The evil avian ruled with iron webbed-feet over this part of UOW. Every person I spoke to attests with absolute confidence that if you went to UOW at the time, you couldn’t miss it. The duck had cemented its status as a notorious character at UOW — a BBOC (Big Bird on Campus), if you will.
This is how, despite no body ever being found, Cochran and other UOW students realised the duck had died — its absence was felt immensely. As for the circumstances surrounding its death, word on the street suggests the duck was killed — murdered in an altercation with a hostile canine.
Cochran created the Facebook group ‘In loving memory of the UOW evil duck’ in 2008 — around 1AD (After Duck). “People were making [Facebook] groups for any reason and I thought well why don’t I make one as tribute to the duck.”
The group was a space where people came together to celebrate the duck and share stories of their time living under its reign of terror. While the group is gone now, snippets found across the internet, coupled with Cochran’s own memories of the group, reveal stories of the duck’s voracious appetite, theft of sandwiches and hot chips, and inclination to attack those who dared resist its agenda. Some people had even claimed the villainous drake had thought them a hen and attempted to make ducklings with them.
Cochran says the group had reached close to 2000 members — a significant achievement, considering these were the early days of Facebook.
It was while listening to a radio program about the Facebook group that UOW’s former Vice Principal (Administration) Chris Grange learned of the duck’s death.
“I was driving along and I thought, it’s a character of the university and the university ought to be prepared to celebrate and remember it, just because it was such a part of the social life of the university.” It was there, Grange says, that he thought to erect a sculpture remembering the infamous aquatic bird. He commissioned Didier Balez, a sculptor and technician from the university, to bring his vision to life.
For Balez, it was the opportunity of a lifetime. “I was quite excited because I always actually wanted to do a duck in one of the ponds at uni.” Balez says he worked on the sculpture almost every day for three months. When it was complete, it quickly became popular. “The people love it! Every time there is a graduation ceremony or something, everybody takes a photo with the duck” he says.

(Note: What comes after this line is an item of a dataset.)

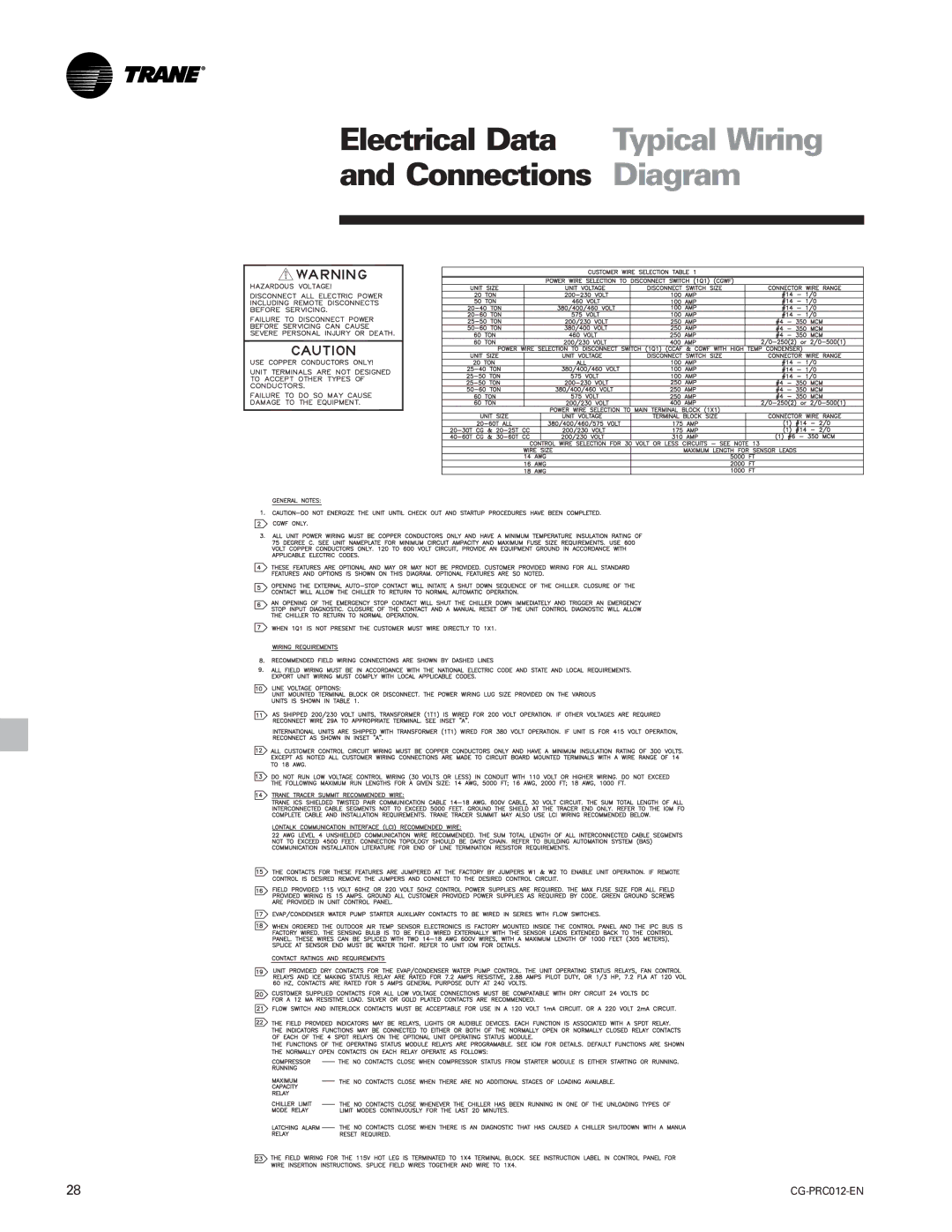 Trane CGWF, CCAF manual Electrical Data 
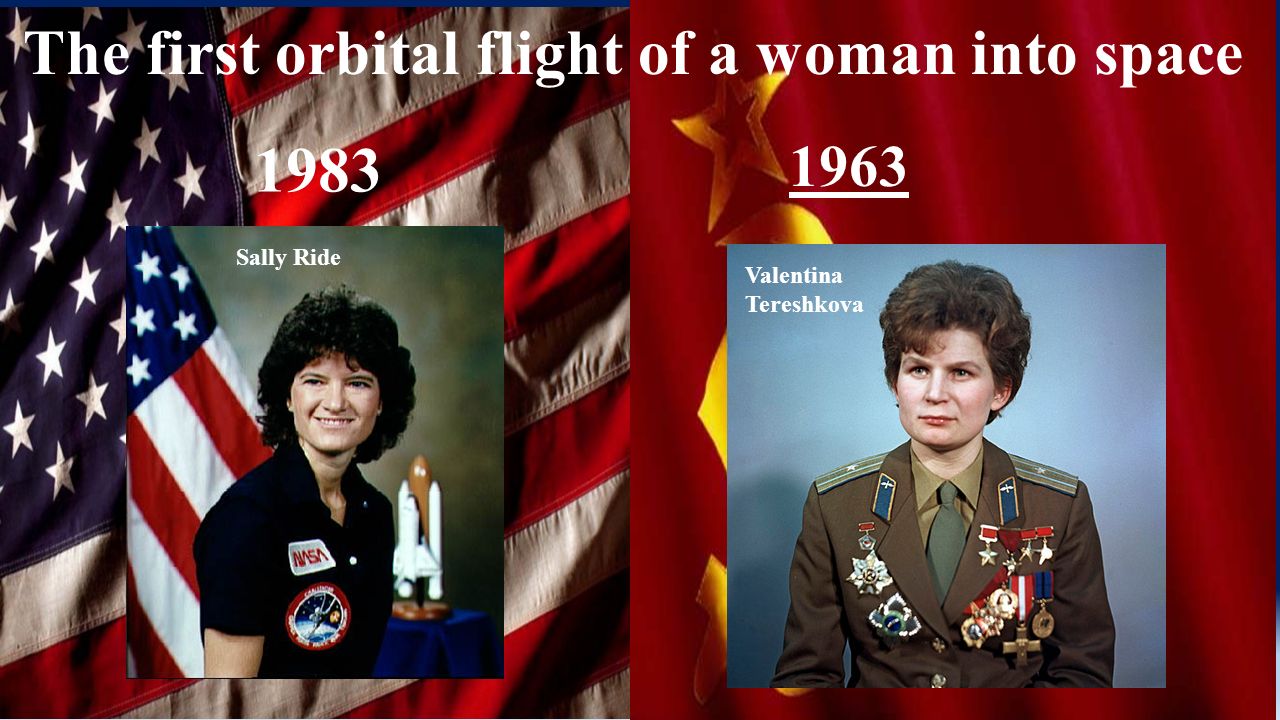 The first orbital flight of a woman into space 1963 Valentina Tereshkova 1983 Sally Ride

Balez also reflects positively on the sculpture: “I like it; I think it’s great. I go past it nearly every day and I think it’s one of my better sculptures”. UOW also introduced a mascot, Baxter the Duck, whose design is unmistakably based upon the evil duck. According to the website, Baxter is “cheeky, cranky and hungry”, hangs out at Duck Pond Lawn, and loves “being a menace” (sound familiar?). He’s also single, for all you bird-furries out there.
I asked Cochran, who now works at the University of New South Wales, whether the ducks at UOW fulfil a similar role in student life to ibises at USyd and UNSW. He agreed without hesitation. “I’d say the ibises are even less shy than the [evil] duck,” he tells me, “but I think the duck has more endearing qualities than the ibis. I don’t like ibises.”
Endearing hero or vicious tyrant, what can’t be questioned is the duck’s impact on the university during its glory days to well into the future. In the ten years since the evil duck’s death, this controversial icon of the Illawarra somehow managed to continue stealing the hearts, minds and sandwiches of a university community.